Here’s a basic outline of what I was thinking:
- You form a members co-operative. Every member puts in say £1000 (that could be a £1 membership fee plus £999 into a savings account).
- You buy the first house and the first tenant moves in, paying market rate rent. As the mortgage gets paid off and you build up a bulk of finances you buy the next house and the next house.
- The longer a member is renting, the lower their rent payment becomes. I was thinking perhaps halving every ten years. If they move into a house with a market rent of £1000 per month, after ten years that would go down to £500 (ignoring inflation). After 20 years it would be down to £250 and down to £125 after 30 years.
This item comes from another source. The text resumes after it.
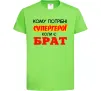 Детская футболка Кому потрібні супергерої коли є брат Лаймовый Детская футболка Кому потрібні супергерої коли є брат Лаймовый фото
It could continue halving, but would probably need a minimum cap to ensure some money coming in. Either way, by the time you retire you’d have very cheap housing.
My other thought was that this privilege could stay with the renter even if they moved. Imagine this scenario:
Member Sally started renting a £500 per month studio when she was at university. A couple of years later she got married and moved into Flat B with a market rate of £650 per month. After a few more years they have children and decide to move to House C with a market rate of £1200 so they can have more room. Because she’s been a renting member for 10 years, they would only pay £600 per month on House C.
This way you could easily move to the right home for each stage in your life. No deposits to pay, no agents fees to pay, just look at the portfolio of available houses and say “we’ll take that one!”
Of course sometimes there might not be a perfect house for you that’s already available, at which point you could ask the co-operative to buy one. The problem is, a new property needs a new mortgage. My idea would be that each new property had a minimum length of full payment, regardless of the status of the member, so that the first say 10 years of a propery would always be paid at market rate. That could almost certainly be reduced as the co-operative grew.
As people move and houses are left vacant, more new members would join starting from year zero, paying full market rate on a house that may already have been paid for, thus supporting the rest of the membership. In time it might be possible to reduce that initial rate, too.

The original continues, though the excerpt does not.